Records contained in a dataset:
'''

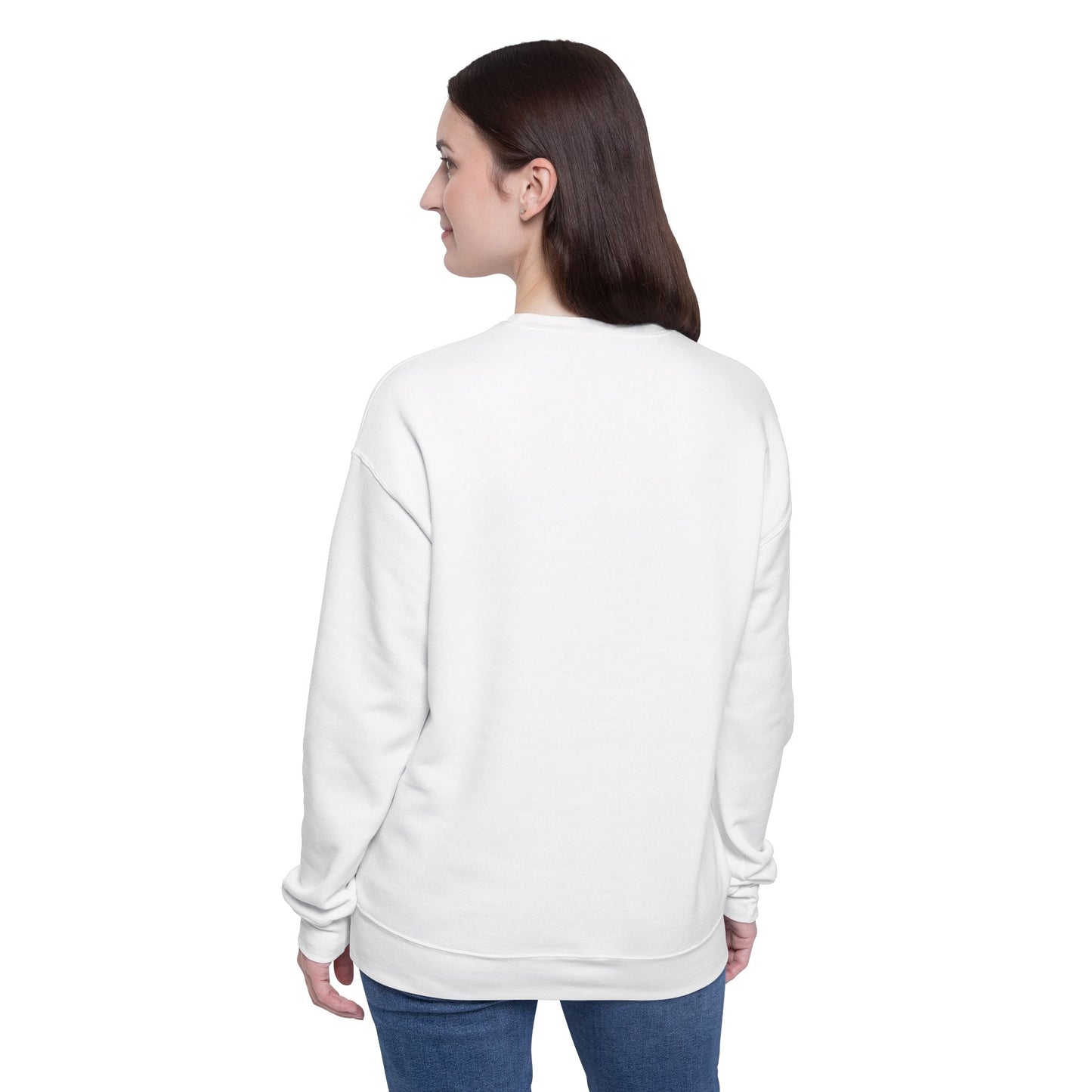 Floral Pumpkin Unisex Drop Shoulder Sweatshirt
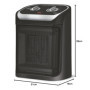 Rowenta Mini Excel Chauffage soufflant céramique 2-en-1, Radiateur électrique, Chauffage d’appoint, Ventilation froide, Puissant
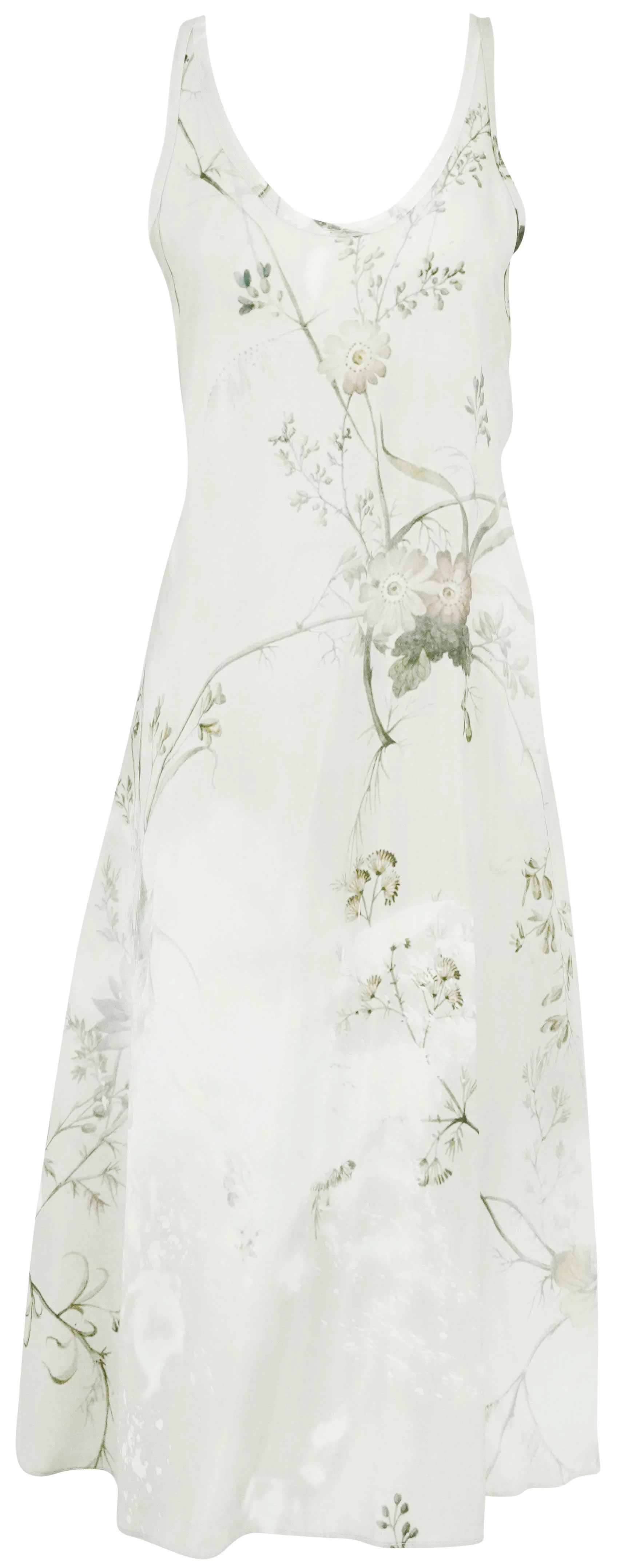 R13 Tank Dress in Cream Bleached Floral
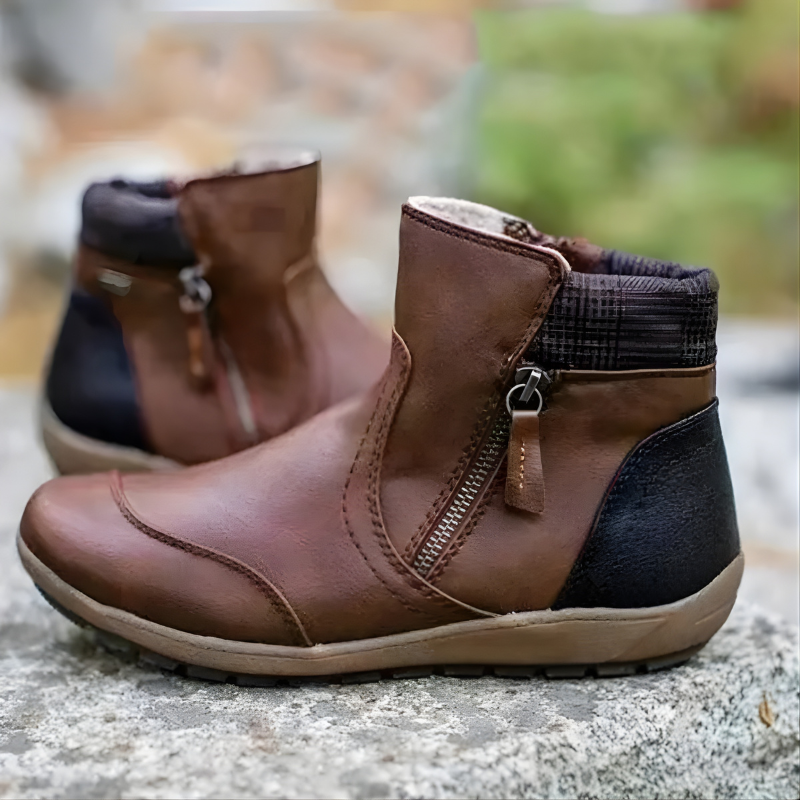 Erica | Women's Side Zip Ankle Boots with Arch Support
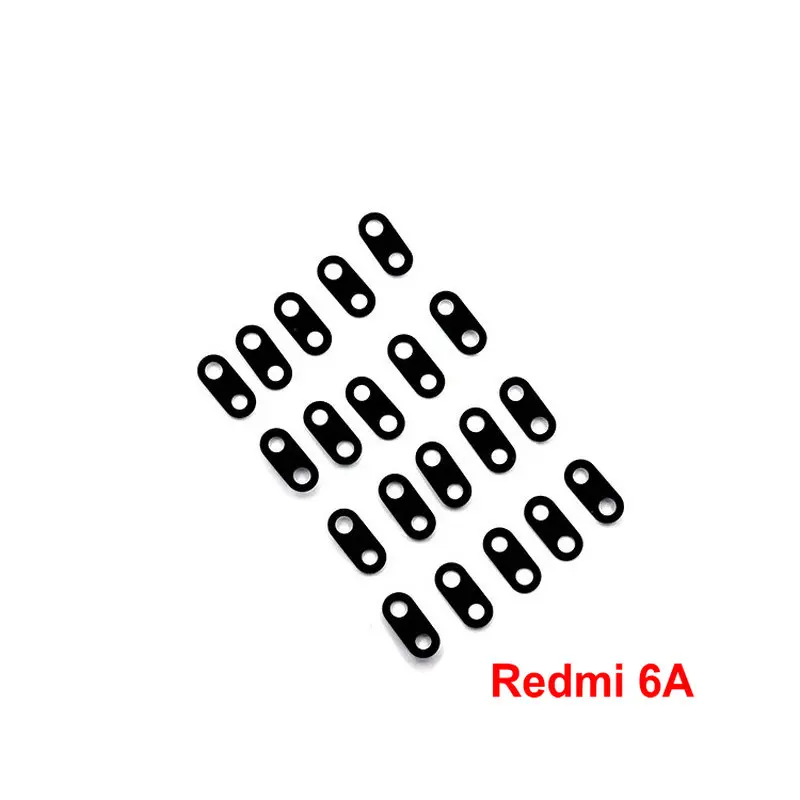 1 шт., новинка, стеклянный объектив для камеры, задняя камера, стеклянный объектив с клеем, замена для телефона Xiaomi Redmi 6A 6 6Plus S2 - Цвет: Redmi 6A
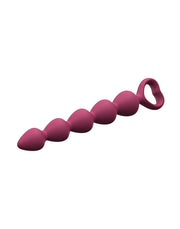 Love to Love - Bing Bang - Perles anales avec poignée en forme de cœur - Rose - Taille M-Erotiekvoordeel.nl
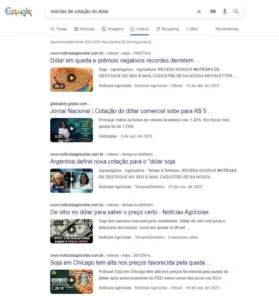 serp videos google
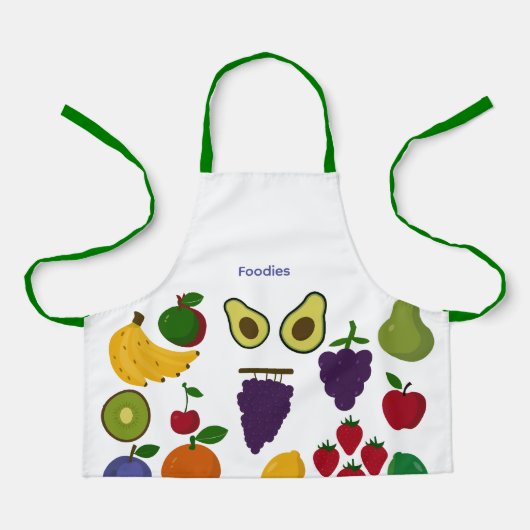 Fruit Lover Foodies Cute Apron  Schort (Voorkant)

'''

Using the data above, which lines fall from the one with "Rowenta Mini Excel" through the one with "serp videos google"? Repeat them exactly, ends included, minus any pictures.

TASK RESPONSE
 Rowenta Mini Excel Chauffage soufflant céramique 2-en-1, Radiateur électrique, Chauffage d’appoint, Ventilation froide, Puissant
 R13 Tank Dress in Cream Bleached Floral
 Erica | Women's Side Zip Ankle Boots with Arch Support
 1 шт., новинка, стеклянный объектив для камеры, задняя камера, стеклянный объектив с клеем, замена для телефона Xiaomi Redmi 6A 6 6Plus S2 - Цвет: Redmi 6A
 Love to Love - Bing Bang - Perles anales avec poignée en forme de cœur - Rose - Taille M-Erotiekvoordeel.nl
 serp videos google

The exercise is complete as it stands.